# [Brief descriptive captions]
::::

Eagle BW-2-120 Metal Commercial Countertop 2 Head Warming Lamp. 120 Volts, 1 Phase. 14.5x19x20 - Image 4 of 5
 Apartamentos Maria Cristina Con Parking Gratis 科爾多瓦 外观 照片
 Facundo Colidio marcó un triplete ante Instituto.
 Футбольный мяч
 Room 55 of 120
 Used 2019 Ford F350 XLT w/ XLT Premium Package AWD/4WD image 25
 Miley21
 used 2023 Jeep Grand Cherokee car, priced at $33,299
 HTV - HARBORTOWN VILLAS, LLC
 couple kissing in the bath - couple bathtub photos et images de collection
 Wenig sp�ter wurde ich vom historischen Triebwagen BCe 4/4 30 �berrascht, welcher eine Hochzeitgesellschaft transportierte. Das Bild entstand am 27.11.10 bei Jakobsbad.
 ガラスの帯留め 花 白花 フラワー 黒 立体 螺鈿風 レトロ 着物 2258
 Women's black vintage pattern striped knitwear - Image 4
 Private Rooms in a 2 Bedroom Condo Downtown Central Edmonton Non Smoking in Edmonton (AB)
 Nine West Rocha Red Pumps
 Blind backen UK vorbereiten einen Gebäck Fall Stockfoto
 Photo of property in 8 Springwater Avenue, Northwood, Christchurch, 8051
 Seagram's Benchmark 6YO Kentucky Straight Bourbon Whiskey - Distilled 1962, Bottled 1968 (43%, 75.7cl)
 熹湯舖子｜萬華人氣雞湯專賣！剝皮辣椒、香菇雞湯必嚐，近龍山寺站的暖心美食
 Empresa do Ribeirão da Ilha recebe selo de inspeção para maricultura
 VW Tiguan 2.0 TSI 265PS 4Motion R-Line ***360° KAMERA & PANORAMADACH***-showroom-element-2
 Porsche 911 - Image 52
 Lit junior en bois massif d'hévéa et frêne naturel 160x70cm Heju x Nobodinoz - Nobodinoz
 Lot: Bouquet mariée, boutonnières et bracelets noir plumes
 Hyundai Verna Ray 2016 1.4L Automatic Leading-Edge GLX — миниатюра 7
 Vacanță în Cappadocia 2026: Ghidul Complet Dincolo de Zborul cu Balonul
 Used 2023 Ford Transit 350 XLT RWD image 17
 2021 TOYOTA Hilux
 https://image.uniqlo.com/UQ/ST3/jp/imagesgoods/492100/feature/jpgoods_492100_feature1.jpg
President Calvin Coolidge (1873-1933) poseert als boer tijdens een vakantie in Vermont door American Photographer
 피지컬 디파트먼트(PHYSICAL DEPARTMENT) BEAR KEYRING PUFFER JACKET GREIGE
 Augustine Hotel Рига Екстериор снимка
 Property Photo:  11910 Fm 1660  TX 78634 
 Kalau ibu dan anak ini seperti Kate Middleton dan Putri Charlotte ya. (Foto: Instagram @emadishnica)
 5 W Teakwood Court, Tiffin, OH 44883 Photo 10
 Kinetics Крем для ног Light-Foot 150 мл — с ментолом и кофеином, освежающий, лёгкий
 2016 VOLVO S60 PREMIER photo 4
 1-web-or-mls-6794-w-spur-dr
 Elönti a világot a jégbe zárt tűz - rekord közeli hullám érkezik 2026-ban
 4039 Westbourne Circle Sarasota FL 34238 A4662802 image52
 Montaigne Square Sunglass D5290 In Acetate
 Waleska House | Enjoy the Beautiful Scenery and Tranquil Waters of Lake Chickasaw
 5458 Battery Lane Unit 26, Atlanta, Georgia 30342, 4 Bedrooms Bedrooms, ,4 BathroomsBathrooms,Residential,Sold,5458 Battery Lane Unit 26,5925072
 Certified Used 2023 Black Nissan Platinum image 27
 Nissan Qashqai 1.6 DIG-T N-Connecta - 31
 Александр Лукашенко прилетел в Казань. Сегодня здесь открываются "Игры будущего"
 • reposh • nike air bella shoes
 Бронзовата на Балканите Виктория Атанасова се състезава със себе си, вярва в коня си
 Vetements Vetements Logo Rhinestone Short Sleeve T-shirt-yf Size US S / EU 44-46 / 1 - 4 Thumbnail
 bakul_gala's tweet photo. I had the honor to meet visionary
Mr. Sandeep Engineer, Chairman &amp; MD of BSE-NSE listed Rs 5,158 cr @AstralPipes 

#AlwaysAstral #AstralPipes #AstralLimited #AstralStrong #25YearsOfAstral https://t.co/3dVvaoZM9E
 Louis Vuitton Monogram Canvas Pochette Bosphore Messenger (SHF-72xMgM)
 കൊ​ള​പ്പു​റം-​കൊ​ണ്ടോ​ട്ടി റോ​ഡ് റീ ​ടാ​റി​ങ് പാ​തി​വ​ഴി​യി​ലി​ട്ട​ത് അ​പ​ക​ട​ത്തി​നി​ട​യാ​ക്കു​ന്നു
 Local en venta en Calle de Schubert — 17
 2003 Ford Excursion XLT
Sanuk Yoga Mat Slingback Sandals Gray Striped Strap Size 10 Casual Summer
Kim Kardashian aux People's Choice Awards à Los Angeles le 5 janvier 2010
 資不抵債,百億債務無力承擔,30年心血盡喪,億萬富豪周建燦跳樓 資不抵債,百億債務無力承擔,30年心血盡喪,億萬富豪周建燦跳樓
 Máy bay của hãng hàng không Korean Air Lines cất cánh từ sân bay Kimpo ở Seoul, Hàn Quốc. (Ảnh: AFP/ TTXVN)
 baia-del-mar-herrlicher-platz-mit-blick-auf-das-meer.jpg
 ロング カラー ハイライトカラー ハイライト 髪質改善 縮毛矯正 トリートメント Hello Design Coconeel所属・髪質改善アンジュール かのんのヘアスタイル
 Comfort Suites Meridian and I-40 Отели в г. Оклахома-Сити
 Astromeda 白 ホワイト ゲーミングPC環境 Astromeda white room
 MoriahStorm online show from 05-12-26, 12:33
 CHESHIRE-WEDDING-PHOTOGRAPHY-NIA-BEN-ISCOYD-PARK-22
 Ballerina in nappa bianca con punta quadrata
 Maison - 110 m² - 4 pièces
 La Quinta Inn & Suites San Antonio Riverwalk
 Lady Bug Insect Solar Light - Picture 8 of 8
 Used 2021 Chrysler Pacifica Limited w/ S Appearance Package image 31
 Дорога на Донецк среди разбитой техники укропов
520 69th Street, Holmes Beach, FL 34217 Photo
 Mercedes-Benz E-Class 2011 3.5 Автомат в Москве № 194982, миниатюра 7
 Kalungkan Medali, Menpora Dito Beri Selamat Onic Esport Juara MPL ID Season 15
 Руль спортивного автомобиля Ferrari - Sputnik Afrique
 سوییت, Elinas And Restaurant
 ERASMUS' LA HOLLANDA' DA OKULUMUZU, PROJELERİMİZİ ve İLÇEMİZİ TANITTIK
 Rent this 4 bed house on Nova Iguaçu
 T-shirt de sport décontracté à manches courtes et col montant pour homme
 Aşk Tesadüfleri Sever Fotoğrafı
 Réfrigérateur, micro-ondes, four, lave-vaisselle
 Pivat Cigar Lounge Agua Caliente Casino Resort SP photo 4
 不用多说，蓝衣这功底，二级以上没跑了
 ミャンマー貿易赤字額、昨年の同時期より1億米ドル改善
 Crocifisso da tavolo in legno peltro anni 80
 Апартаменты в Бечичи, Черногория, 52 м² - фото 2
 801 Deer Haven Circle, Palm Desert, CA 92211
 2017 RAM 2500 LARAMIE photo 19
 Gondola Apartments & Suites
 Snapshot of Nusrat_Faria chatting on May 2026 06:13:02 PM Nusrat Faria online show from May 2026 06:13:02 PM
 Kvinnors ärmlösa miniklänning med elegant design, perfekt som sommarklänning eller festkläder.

::::

# [BRIEF]
Looking at the records above, which lines contain "https"? Copy those lines.

# [FINISHED TASK]
 https://image.uniqlo.com/UQ/ST3/jp/imagesgoods/492100/feature/jpgoods_492100_feature1.jpg
#AlwaysAstral #AstralPipes #AstralLimited #AstralStrong #25YearsOfAstral https://t.co/3dVvaoZM9E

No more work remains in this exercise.